[[ Records for the task open ]]

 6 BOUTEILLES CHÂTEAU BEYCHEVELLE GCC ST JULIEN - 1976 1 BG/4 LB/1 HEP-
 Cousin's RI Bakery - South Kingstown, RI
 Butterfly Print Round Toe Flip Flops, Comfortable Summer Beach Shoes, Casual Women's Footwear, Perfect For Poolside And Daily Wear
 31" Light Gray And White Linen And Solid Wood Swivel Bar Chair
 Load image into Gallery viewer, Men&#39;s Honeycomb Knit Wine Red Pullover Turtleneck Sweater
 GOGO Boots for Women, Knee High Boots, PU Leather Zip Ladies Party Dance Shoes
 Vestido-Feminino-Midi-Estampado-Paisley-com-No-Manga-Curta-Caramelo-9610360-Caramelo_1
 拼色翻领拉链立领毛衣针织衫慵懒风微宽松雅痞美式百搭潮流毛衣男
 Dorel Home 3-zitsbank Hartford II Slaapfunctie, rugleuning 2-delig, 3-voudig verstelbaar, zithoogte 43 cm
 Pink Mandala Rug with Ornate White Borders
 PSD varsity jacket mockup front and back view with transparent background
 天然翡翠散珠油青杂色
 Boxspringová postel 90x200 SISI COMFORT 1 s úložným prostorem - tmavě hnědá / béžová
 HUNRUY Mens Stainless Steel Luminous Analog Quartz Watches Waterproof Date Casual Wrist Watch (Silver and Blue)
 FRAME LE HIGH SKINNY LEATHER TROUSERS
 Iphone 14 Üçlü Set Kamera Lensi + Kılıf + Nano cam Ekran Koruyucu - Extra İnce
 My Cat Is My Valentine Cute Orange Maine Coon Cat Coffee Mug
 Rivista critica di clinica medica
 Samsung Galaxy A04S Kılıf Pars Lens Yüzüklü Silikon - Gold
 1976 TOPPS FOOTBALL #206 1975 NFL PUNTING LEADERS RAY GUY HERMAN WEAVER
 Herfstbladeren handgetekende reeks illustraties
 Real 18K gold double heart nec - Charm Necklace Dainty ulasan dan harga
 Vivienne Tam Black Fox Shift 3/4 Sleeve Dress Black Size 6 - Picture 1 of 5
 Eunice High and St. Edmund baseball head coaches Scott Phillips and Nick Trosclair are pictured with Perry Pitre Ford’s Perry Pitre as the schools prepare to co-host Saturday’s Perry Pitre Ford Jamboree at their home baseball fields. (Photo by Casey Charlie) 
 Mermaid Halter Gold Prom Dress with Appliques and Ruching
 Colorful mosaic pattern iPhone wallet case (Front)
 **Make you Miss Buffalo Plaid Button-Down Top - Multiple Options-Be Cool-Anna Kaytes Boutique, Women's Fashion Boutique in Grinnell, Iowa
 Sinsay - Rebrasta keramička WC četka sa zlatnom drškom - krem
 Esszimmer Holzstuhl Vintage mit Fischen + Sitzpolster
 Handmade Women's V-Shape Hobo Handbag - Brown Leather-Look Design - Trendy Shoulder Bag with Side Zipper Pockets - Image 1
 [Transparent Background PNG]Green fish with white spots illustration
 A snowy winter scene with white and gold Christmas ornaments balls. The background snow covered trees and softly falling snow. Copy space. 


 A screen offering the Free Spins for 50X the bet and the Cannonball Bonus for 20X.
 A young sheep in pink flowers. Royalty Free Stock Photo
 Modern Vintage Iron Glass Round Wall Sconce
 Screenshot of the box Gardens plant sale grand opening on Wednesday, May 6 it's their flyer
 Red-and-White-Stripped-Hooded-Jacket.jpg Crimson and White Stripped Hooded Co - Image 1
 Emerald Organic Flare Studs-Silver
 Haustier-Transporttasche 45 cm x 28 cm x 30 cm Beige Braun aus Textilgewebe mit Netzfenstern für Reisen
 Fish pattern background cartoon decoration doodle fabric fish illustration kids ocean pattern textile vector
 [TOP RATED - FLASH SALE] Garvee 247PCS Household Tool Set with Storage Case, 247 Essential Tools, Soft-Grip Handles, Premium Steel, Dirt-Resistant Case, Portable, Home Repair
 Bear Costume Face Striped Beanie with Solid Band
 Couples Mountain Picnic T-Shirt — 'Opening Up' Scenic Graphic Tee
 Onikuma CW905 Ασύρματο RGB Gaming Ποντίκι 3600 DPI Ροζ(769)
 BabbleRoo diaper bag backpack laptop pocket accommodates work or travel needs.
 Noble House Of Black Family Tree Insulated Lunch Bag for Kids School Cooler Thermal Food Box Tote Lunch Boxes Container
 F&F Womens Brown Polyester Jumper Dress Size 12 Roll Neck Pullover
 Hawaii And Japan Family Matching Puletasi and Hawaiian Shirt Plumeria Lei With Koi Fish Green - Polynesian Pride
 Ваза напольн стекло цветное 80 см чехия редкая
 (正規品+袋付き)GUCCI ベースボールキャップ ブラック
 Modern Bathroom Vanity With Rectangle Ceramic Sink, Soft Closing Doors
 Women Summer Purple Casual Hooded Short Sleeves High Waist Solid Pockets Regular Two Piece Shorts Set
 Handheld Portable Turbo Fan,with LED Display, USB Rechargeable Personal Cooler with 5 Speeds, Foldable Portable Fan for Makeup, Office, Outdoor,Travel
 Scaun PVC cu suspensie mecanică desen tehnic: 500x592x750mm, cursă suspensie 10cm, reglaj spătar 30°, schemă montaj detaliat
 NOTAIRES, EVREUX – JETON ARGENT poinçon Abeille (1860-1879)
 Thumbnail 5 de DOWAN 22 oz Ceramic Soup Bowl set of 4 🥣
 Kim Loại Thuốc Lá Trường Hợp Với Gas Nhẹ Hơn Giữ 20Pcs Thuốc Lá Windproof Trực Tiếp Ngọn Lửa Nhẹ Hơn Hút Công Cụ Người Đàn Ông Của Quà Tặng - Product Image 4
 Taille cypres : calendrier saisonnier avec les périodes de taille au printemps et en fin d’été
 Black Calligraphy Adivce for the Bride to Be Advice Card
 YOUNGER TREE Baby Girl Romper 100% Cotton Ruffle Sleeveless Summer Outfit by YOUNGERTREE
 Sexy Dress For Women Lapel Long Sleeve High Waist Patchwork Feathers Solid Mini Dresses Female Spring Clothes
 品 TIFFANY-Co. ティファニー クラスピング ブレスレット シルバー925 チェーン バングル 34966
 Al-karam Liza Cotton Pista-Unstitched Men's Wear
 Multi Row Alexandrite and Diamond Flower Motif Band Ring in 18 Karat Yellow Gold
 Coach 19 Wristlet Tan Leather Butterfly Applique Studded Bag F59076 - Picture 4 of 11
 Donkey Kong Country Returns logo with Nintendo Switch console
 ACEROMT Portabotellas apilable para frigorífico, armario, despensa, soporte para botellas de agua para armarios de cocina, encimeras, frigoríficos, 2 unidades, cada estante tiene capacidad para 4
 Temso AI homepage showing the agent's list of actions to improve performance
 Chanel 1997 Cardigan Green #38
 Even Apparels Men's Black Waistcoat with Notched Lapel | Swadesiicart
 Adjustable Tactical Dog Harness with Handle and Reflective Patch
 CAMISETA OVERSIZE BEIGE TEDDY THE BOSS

[[ Records for the task closed ]]

▸ The problem:
In the entries above, find the line with "Fish pattern background" and the line with "Al-karam Liza Cotton", then set down exactly those two and every line between them, nothing else.

▸ Written solution:
 Fish pattern background cartoon decoration doodle fabric fish illustration kids ocean pattern textile vector
 [TOP RATED - FLASH SALE] Garvee 247PCS Household Tool Set with Storage Case, 247 Essential Tools, Soft-Grip Handles, Premium Steel, Dirt-Resistant Case, Portable, Home Repair
 Bear Costume Face Striped Beanie with Solid Band
 Couples Mountain Picnic T-Shirt — 'Opening Up' Scenic Graphic Tee
 Onikuma CW905 Ασύρματο RGB Gaming Ποντίκι 3600 DPI Ροζ(769)
 BabbleRoo diaper bag backpack laptop pocket accommodates work or travel needs.
 Noble House Of Black Family Tree Insulated Lunch Bag for Kids School Cooler Thermal Food Box Tote Lunch Boxes Container
 F&F Womens Brown Polyester Jumper Dress Size 12 Roll Neck Pullover
 Hawaii And Japan Family Matching Puletasi and Hawaiian Shirt Plumeria Lei With Koi Fish Green - Polynesian Pride
 Ваза напольн стекло цветное 80 см чехия редкая
 (正規品+袋付き)GUCCI ベースボールキャップ ブラック
 Modern Bathroom Vanity With Rectangle Ceramic Sink, Soft Closing Doors
 Women Summer Purple Casual Hooded Short Sleeves High Waist Solid Pockets Regular Two Piece Shorts Set
 Handheld Portable Turbo Fan,with LED Display, USB Rechargeable Personal Cooler with 5 Speeds, Foldable Portable Fan for Makeup, Office, Outdoor,Travel
 Scaun PVC cu suspensie mecanică desen tehnic: 500x592x750mm, cursă suspensie 10cm, reglaj spătar 30°, schemă montaj detaliat
 NOTAIRES, EVREUX – JETON ARGENT poinçon Abeille (1860-1879)
 Thumbnail 5 de DOWAN 22 oz Ceramic Soup Bowl set of 4 🥣
 Kim Loại Thuốc Lá Trường Hợp Với Gas Nhẹ Hơn Giữ 20Pcs Thuốc Lá Windproof Trực Tiếp Ngọn Lửa Nhẹ Hơn Hút Công Cụ Người Đàn Ông Của Quà Tặng - Product Image 4
 Taille cypres : calendrier saisonnier avec les périodes de taille au printemps et en fin d’été
 Black Calligraphy Adivce for the Bride to Be Advice Card
 YOUNGER TREE Baby Girl Romper 100% Cotton Ruffle Sleeveless Summer Outfit by YOUNGERTREE
 Sexy Dress For Women Lapel Long Sleeve High Waist Patchwork Feathers Solid Mini Dresses Female Spring Clothes
 品 TIFFANY-Co. ティファニー クラスピング ブレスレット シルバー925 チェーン バングル 34966
 Al-karam Liza Cotton Pista-Unstitched Men's Wear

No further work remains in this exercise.